Spring Boot Request Processing Overhead — Filter Chains, Serialization, and What's Worth Measuring
by Eric Hanson, Backend Developer at Clean Systems Consulting
The layers a request passes through
Before your controller method runs and after it returns, every Spring Boot request passes through:
- Tomcat connector — thread selection, socket I/O, HTTP parsing
- Servlet filter chain — Spring Security, CORS, request logging, tracing, compression, custom filters
DispatcherServlet— handler mapping, content negotiation- HandlerInterceptors — pre/post processing hooks
- Argument resolution —
@RequestBodydeserialization,@PathVariableextraction,@AuthenticationPrincipalresolution - Controller execution — your code
- Return value handling — response serialization,
@ResponseBodyprocessing - Filter chain post-processing — response headers, tracing completion
For a service where requests take 50ms on average, 48ms of that is probably the database and 2ms is everything above. Optimizing the filter chain saves fractions of a millisecond. For a service where requests are inherently fast (sub-millisecond computations, mostly cached data), the 2ms overhead is the dominant cost.
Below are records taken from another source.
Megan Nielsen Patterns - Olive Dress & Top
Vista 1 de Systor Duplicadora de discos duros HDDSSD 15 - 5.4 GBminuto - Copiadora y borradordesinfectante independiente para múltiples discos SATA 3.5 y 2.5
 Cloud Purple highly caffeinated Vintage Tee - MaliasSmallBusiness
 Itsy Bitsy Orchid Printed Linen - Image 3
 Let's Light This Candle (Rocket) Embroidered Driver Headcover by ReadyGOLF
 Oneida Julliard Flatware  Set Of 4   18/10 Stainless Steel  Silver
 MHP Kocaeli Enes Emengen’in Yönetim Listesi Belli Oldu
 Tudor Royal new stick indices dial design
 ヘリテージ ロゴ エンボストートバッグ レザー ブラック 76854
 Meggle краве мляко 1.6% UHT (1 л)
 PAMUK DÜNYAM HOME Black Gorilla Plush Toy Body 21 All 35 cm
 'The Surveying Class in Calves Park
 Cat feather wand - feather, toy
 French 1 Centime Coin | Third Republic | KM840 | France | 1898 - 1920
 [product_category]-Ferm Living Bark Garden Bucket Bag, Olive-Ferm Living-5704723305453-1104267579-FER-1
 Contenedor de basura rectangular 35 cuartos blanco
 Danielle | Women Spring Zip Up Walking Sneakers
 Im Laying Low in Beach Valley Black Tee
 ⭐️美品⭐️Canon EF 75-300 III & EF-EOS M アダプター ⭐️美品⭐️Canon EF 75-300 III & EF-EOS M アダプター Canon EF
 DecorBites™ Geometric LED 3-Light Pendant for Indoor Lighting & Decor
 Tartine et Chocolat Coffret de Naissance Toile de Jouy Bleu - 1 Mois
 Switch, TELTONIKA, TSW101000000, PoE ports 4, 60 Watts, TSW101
Profile before optimizing. async-profiler with -e cpu on a service under load shows which of these layers consumes meaningful CPU. Without measurement, you're guessing.
Filter chain overhead
Each servlet filter in the chain processes every request — pre-processing before the controller and post-processing after the response. The number of filters and their individual cost determines the chain overhead.
Inspect the filter chain:
@Component
public class FilterChainLogger implements ApplicationContextAware {
@Override
public void setApplicationContext(ApplicationContext ctx) {
FilterChainProxy securityFilterChain = ctx.getBean(FilterChainProxy.class);
securityFilterChain.getFilterChains().forEach(chain -> {
log.info("Security filter chain: {}", chain.getFilters().stream()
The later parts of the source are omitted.